RECORDS SHOWN Block Start

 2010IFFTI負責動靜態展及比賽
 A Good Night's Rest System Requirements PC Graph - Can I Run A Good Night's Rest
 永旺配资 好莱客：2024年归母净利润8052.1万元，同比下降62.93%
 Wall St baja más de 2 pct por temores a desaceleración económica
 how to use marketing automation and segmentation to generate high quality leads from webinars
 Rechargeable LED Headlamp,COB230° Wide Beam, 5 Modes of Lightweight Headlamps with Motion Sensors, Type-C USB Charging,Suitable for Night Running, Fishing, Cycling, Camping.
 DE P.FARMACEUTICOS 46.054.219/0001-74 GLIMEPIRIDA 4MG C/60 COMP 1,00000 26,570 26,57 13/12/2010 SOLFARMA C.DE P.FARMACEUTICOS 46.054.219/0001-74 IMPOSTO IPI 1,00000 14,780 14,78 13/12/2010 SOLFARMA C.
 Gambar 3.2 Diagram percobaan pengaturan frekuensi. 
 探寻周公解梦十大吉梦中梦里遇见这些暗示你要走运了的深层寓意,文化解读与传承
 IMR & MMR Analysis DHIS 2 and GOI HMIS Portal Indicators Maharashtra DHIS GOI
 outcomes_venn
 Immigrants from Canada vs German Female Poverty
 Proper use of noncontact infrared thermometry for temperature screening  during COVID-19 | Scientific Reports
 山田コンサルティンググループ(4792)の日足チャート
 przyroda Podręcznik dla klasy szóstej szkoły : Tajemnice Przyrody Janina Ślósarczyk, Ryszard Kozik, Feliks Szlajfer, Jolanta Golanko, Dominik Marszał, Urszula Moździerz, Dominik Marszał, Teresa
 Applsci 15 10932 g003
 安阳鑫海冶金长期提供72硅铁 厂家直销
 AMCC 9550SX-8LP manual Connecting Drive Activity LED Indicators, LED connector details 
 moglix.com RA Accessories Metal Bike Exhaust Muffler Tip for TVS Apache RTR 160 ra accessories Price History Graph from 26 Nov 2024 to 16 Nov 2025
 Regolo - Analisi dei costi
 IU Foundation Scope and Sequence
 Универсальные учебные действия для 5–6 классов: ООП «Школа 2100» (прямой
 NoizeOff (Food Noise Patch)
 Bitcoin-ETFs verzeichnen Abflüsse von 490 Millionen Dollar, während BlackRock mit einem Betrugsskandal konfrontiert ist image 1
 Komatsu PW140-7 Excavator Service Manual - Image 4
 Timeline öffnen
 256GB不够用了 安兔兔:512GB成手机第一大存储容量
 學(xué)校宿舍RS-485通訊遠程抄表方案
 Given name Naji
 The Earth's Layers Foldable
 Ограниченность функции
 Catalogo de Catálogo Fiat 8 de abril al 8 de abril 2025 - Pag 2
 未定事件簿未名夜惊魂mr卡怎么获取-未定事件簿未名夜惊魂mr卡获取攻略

RECORDS SHOWN Block End

YOUR GOAL
Extract each line from the listing above, please, and repeat it exactly.

RESULT
 2010IFFTI負責動靜態展及比賽
 A Good Night's Rest System Requirements PC Graph - Can I Run A Good Night's Rest
 永旺配资 好莱客：2024年归母净利润8052.1万元，同比下降62.93%
 Wall St baja más de 2 pct por temores a desaceleración económica
 how to use marketing automation and segmentation to generate high quality leads from webinars
 Rechargeable LED Headlamp,COB230° Wide Beam, 5 Modes of Lightweight Headlamps with Motion Sensors, Type-C USB Charging,Suitable for Night Running, Fishing, Cycling, Camping.
 DE P.FARMACEUTICOS 46.054.219/0001-74 GLIMEPIRIDA 4MG C/60 COMP 1,00000 26,570 26,57 13/12/2010 SOLFARMA C.DE P.FARMACEUTICOS 46.054.219/0001-74 IMPOSTO IPI 1,00000 14,780 14,78 13/12/2010 SOLFARMA C.
 Gambar 3.2 Diagram percobaan pengaturan frekuensi. 
 探寻周公解梦十大吉梦中梦里遇见这些暗示你要走运了的深层寓意,文化解读与传承
 IMR & MMR Analysis DHIS 2 and GOI HMIS Portal Indicators Maharashtra DHIS GOI
 outcomes_venn
 Immigrants from Canada vs German Female Poverty
 Proper use of noncontact infrared thermometry for temperature screening  during COVID-19 | Scientific Reports
 山田コンサルティンググループ(4792)の日足チャート
 przyroda Podręcznik dla klasy szóstej szkoły : Tajemnice Przyrody Janina Ślósarczyk, Ryszard Kozik, Feliks Szlajfer, Jolanta Golanko, Dominik Marszał, Urszula Moździerz, Dominik Marszał, Teresa
 Applsci 15 10932 g003
 安阳鑫海冶金长期提供72硅铁 厂家直销
 AMCC 9550SX-8LP manual Connecting Drive Activity LED Indicators, LED connector details 
 moglix.com RA Accessories Metal Bike Exhaust Muffler Tip for TVS Apache RTR 160 ra accessories Price History Graph from 26 Nov 2024 to 16 Nov 2025
 Regolo - Analisi dei costi
 IU Foundation Scope and Sequence
 Универсальные учебные действия для 5–6 классов: ООП «Школа 2100» (прямой
 NoizeOff (Food Noise Patch)
 Bitcoin-ETFs verzeichnen Abflüsse von 490 Millionen Dollar, während BlackRock mit einem Betrugsskandal konfrontiert ist image 1
 Komatsu PW140-7 Excavator Service Manual - Image 4
 Timeline öffnen
 256GB不够用了 安兔兔:512GB成手机第一大存储容量
 學(xué)校宿舍RS-485通訊遠程抄表方案
 Given name Naji
 The Earth's Layers Foldable
 Ограниченность функции
 Catalogo de Catálogo Fiat 8 de abril al 8 de abril 2025 - Pag 2
 未定事件簿未名夜惊魂mr卡怎么获取-未定事件簿未名夜惊魂mr卡获取攻略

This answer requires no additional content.